[Recorded information]
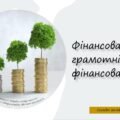 Фінансова грамотність та фінансова безпека. 6 КЛАС. О. ШИЯН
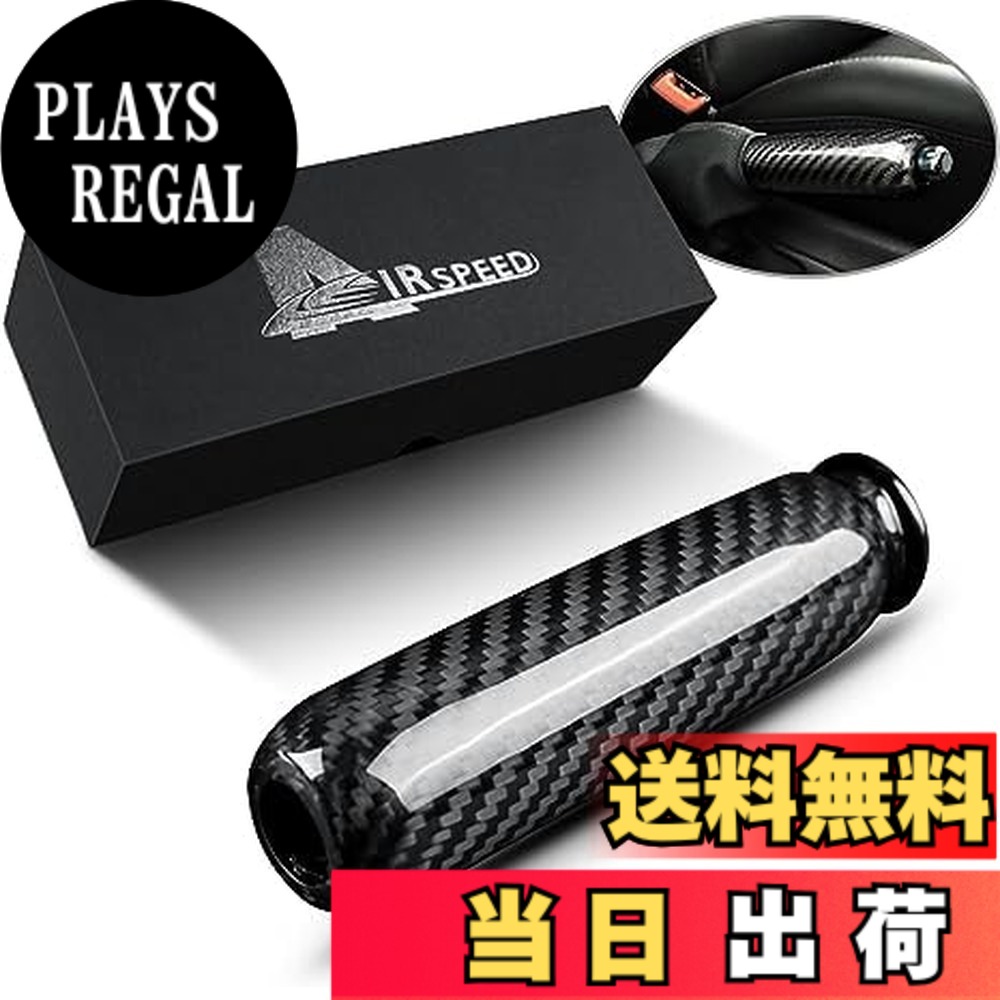 【送料無料】AIRSPEED ミニクーパー R55 クラブマン R56 R57 R58 R59 R50 R53 R52 専用 アクセサリー 内装 パーツ リアル カーボンファイバー ハンドブレーキカバー グリップハンドル レバートリム おしゃれ カスタム ドレスアップ 両面テープ付き ガーニッシュ インテリ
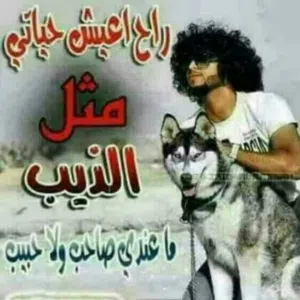 عرفات الشرفي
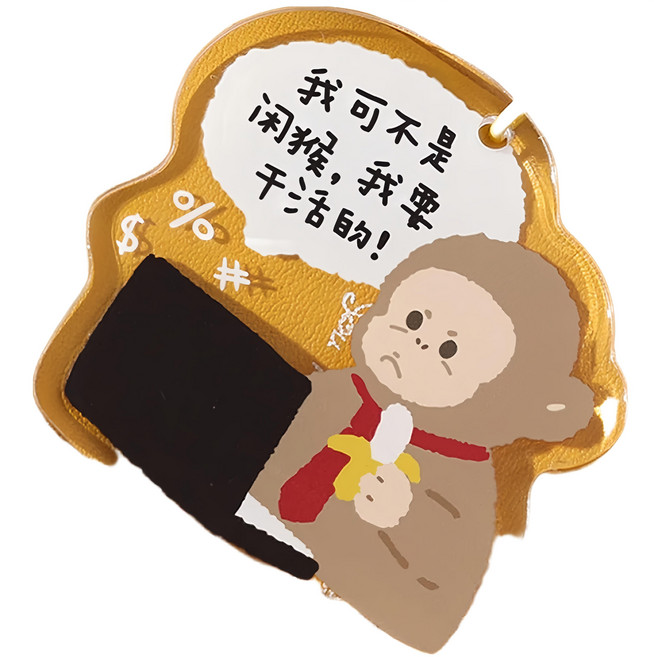 CARD LOVER 信的戀人 壓克力掛件 哈嘍MONKEY 87102 打工囉 12g 3個, 50 x 48mm, 1組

[Assignment] Copy the listing exactly. Leave the pictures out.

[Task result]
 Фінансова грамотність та фінансова безпека. 6 КЛАС. О. ШИЯН
 【送料無料】AIRSPEED ミニクーパー R55 クラブマン R56 R57 R58 R59 R50 R53 R52 専用 アクセサリー 内装 パーツ リアル カーボンファイバー ハンドブレーキカバー グリップハンドル レバートリム おしゃれ カスタム ドレスアップ 両面テープ付き ガーニッシュ インテリ
 عرفات الشرفي
 CARD LOVER 信的戀人 壓克力掛件 哈嘍MONKEY 87102 打工囉 12g 3個, 50 x 48mm, 1組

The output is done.